At all time, both transformers will have line voltage, but only one transformer at a time will have any load current. What will be the current on the primary of the transformer that has the motor that is not in use?

Is there anymore than a negligible amount of primary current on a transformer when it is unloaded?
 

gar

Senior Member
Location
Ann Arbor, Michigan
Occupation
EE
150511-2352 EDT

You never or very seldom provide any feedback after people provide you some answers.

For your present question I suggest that you make measurements and answer your own question.

.
 

Besoeker

Senior Member
Location
UK
I have two transformer branch circuits. One is a redundant fan motor for the other one, so that only one fan will be active at a time. There are no other loads on the respective transformer circuits.

At all time, both transformers will have line voltage, but only one transformer at a time will have any load current. What will be the current on the primary of the transformer that has the motor that is not in use?

Is there anymore than a negligible amount of primary current on a transformer when it is unloaded?
Figures I have for 400kVA 3-phase unit are 2% no load current and 0.3% no load losses.
I don't know if this helps you.
 

fifty60

Senior Member
Location
USA
Generally after I get a lot of feed back I am torn between responding "Thanks everyone" and not saying anything. I was kind of under the impression that a "Thanks everyone" would needlessly bump the thread, and that may make some people mad. It probably is best to say thanks and the question has been resolved.

For this quesiont, unfortunately I have to size the service months before I actually have the machine built. I would think the no load current would be similar to what Besoeker described, somewhere in the low percentile range. I will measure it when the time comes, but was trying to confirm my understanding now.
 

gar

Senior Member
Location
Ann Arbor, Michigan
Occupation
EE
150512-1012 EDT

fifty60:

Thanks is not the kind of response I am talking about. You have a problem, ask a question, and there are various responses. The kind of response that would be useful from you would be --- the problem was not solved, such and such was the solution or a partial solution, none of the suggestions were a solution, or additional research found a solution.
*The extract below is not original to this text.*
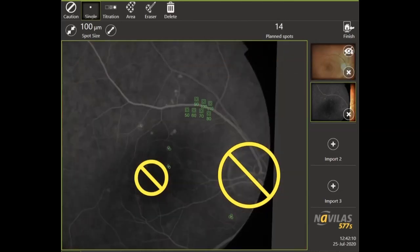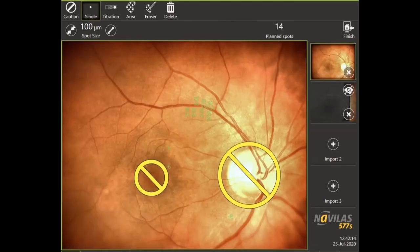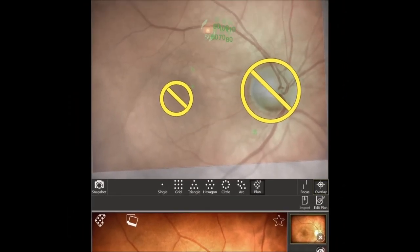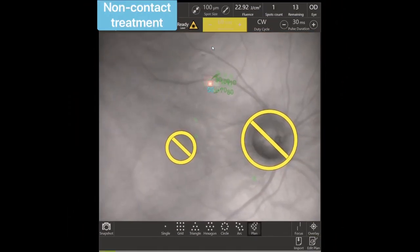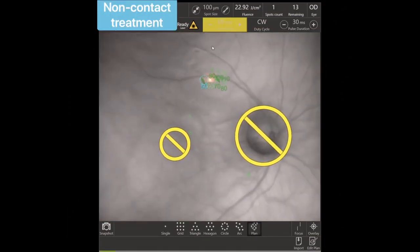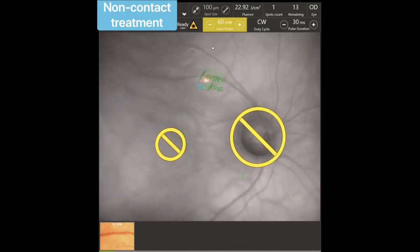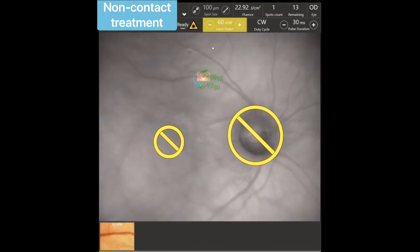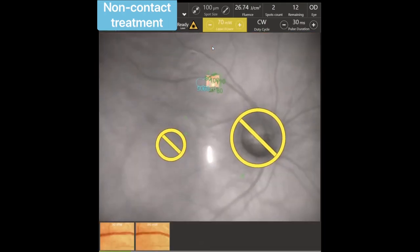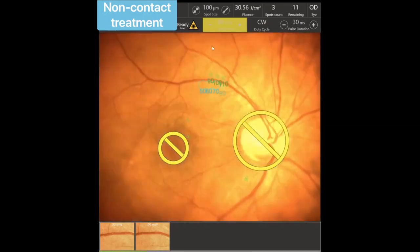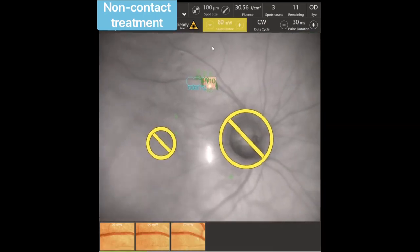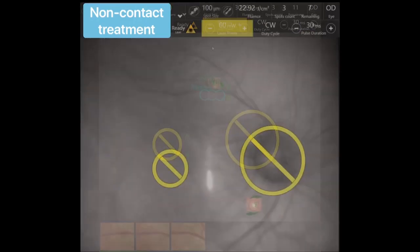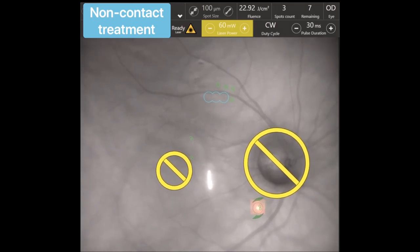We used epibulbar anesthesia eye drops of oxybuprocaine in both eyes before treatment. Then we proceeded to the treatment mode in infrared illumination, which is extremely comfortable for the patient. After applying three test burns, we revealed coagulates of first and second degree.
A small 175 VA transformer with a double bobbin construction using standard transformer iron with an EI structure has a no-load power input of 4 W at 110 V, 5 W at 120 V, and 6 W at 130 V. At 120 V this is about 3 % of the VA rating. Just sitting idle this is a big power loss.

.
 

Besoeker

Senior Member
Location
UK
150512-1012 EDT

fifty60:

Thanks is not the kind of response I am talking about. You have a problem, ask a question, and there are various responses. The kind of response that would be useful from you would be --- the problem was not solved, such and such was the solution or a partial solution, none of the suggestions were a solution, or additional research found a solution.

A small 175 VA transformer with a double bobbin construction using standard transformer iron with an EI structure has a no-load power input of 4 W at 110 V, 5 W at 120 V, and 6 W at 130 V. At 120 V this is about 3 % of the VA rating. Just sitting idle this is a big power loss.

.
That might well be case. It isn't often I've had to be concerned with the efficiency of transformers of that rating. Typically we would use 500VA as a control circuit transformer in a several hundred kW variable speed drive.
That's what the 400kVA example I gave was for.
Of course we have to provide overall drive efficiency figures. But minor losses such as in a 500VA transformer get lost in major component tolerances .
 

gar

Senior Member
Location
Ann Arbor, Michigan
Occupation
EE
150512-1644 eDT

fifty60:

In your thread "Wetting Current/PLC Input" you never came back with any feedback on how you solved your problem, and what thinking you used to arrive at a solution.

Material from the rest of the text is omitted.